» Prompt
Excluding any images, copy all of the lines below precisely as written.

» Dataset

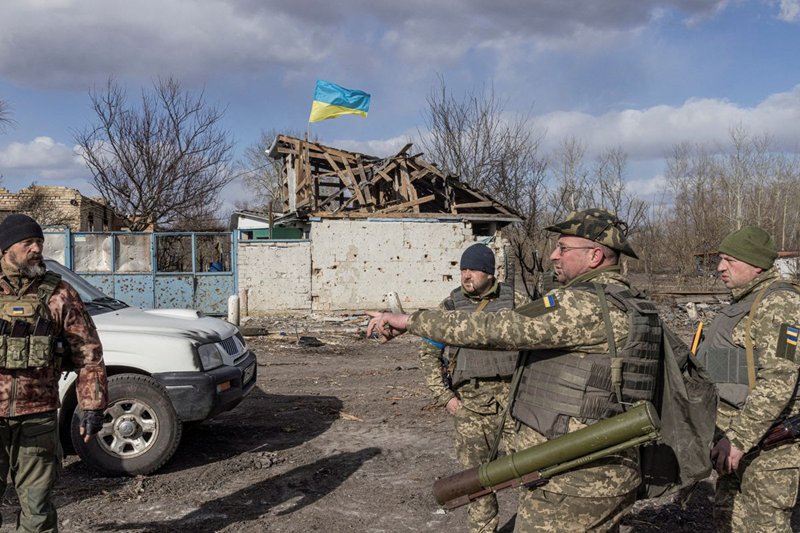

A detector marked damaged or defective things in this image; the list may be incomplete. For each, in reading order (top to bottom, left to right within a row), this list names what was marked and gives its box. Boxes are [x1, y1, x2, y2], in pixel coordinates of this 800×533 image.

damaged roof [266, 136, 520, 223]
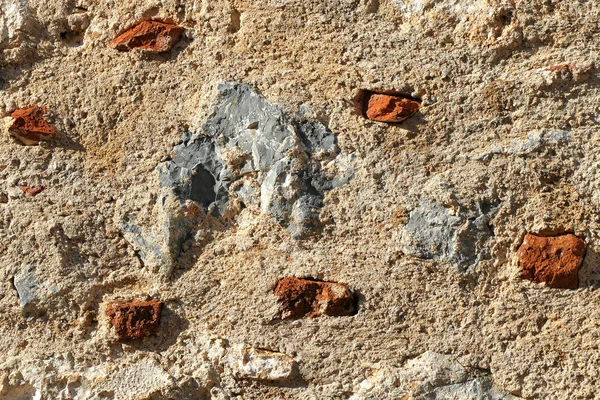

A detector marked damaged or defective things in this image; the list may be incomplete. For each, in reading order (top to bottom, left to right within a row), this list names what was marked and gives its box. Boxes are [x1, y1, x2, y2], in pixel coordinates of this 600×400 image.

rusty red stone [108, 20, 183, 52]
rusty red stone [9, 106, 56, 145]
rusty red stone [516, 233, 584, 290]
rusty red stone [274, 278, 354, 318]
rusty red stone [105, 298, 162, 340]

» Your response
A detector marked damaged or defective things in this image; the list may be incomplete. For each, in reading order (top to bottom, left to right within a row), this list names what was marked and gives its box. Boxes are [x1, y1, x2, y2], in pixel coordinates of this 800×533 image.

damaged roof [266, 136, 520, 223]

A detector marked damaged or defective things in this image; the list may be incomplete. For each, in reading order (top to bottom, left to right within a row), this list names what was marked and gives its box. Boxes are [x1, y1, x2, y2], in pixel coordinates of this 600×400 image.

rusty red stone [108, 20, 183, 52]
rusty red stone [9, 106, 56, 145]
rusty red stone [516, 233, 584, 290]
rusty red stone [274, 278, 354, 318]
rusty red stone [105, 298, 162, 340]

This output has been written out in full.